In vielen großen Tüten, die 2.798 Buben und 2.642 Mädchen zum Zeichen ihrer „Schulreife“ mit sich trugen, steckten nicht nur Süßigkeiten, sondern auch viele gelbe Mützen und Kopftücher, die zur Vorsorge gegen Verkehrsunfälle von den Kindern getragen werden sollen.

„Darüber freue ich mich am meisten“, sagt Stadtschuldirektor Friedrich Ruthel, „denn gerade die Schulneulinge waren bisher am ehesten vom Unglück auf der Straße betroffen!“ Er empfiehlt den Eltern sehr, ihre Kinder wenigstens vier Wochen lang auf dem sichersten Weg zur Schule zu begleiten.

Es wurde viel gelacht

Für viele Lehrer und Lehrerinnen – an den Volksschulen werden gegenwärtig 910 Pädagogen gezählt; mit den Fachlehrern sind es 1.030 – war aber gestern ein nicht minder „spannender Tag“ als für die kleinen Leute.

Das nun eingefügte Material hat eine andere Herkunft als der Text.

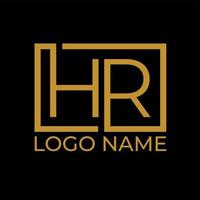 hr iniziali del monogramma logo pro vettore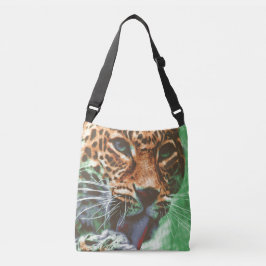 Leopard Portrait Tasche Living Coral Axelväska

Sie sahen sich einem wieder neuen Jahrgang an Lernwilligen (oder vielleicht auch weniger vom Abc Begeisterten) gegenüber, hatten sie im Beisein ihrer Mütter und Väter durch freundliche geübte Ansprachen zu gewinnen – und gaben ihnen bereits die erste Aufgabe. Zuhause sollen sie ihre Schultüte malen, die ihnen die Eltern geschenkt haben oder auch die schönen Dinge, die drinnen steckten. „Am liebsten wär´s uns, wenn das nicht die Mutti täte“, meinte lachend Direktor Ruthel.

Gelacht wurde beim ereignisreichen Schulbeginn viel: ganz schlaue „Jungeuropäer“ trugen freiwillig Verse vor, andere demonstrierten, was sie schon rechnen können, übrige zeigten dem „Fräulein“, wie die Beatles hüpfen, wenn sie singen, oder wie ein Bundeswehrsoldat die Hacken zusammenschlägt.

Noch 100 Klassenzimmer fehlen

Freilich, so forsch waren nur die Unbekümmerten; die kleinen Denker verhielten sich zurückhaltend und abwartend. Ihre Augen waren groß,verwundert und oft auf die Mutter im Hintergrund gerichtet. Nur die besonders sensiblen Mädchen, denen das neue „Zwangs-Zeremoniell“ unbewußt nicht paßte, weinten ein paar bittere Tränen. Aber sei´s wie es mag: für fast 5.500 Kinder hat der „Ernst des Lebens“ begonnen. 82 v. H. – das bedeutet eine Steigerung um 3 v. H. gegenüber dem Vorjahr – besuchen die Gemeinschaftsschule, der Rest die beiden Bekenntnisschulen.

Für alle Schüler stehen gegenwärtig 908 Klassenzimmer zur Verfügung. Noch einhundert mehr – und die Zeit des Schichtunterrichts wäre vorüber. Das großangelegte Schulbauprogramm der Stadt jedoch verspricht, daß von diesen unangenehmen Nachkriegserscheinung nicht mehr gesprochen zu werden braucht. 80 neue Lehramtsanwärter konnten für Nürnberg gewonnen werden; 20 Lehrkräfte wurden versetzt. Aber unabhängig von Zahlen: der Schulbetrieb geht weiter, und für die Kleinsten fängt er erst richtig an.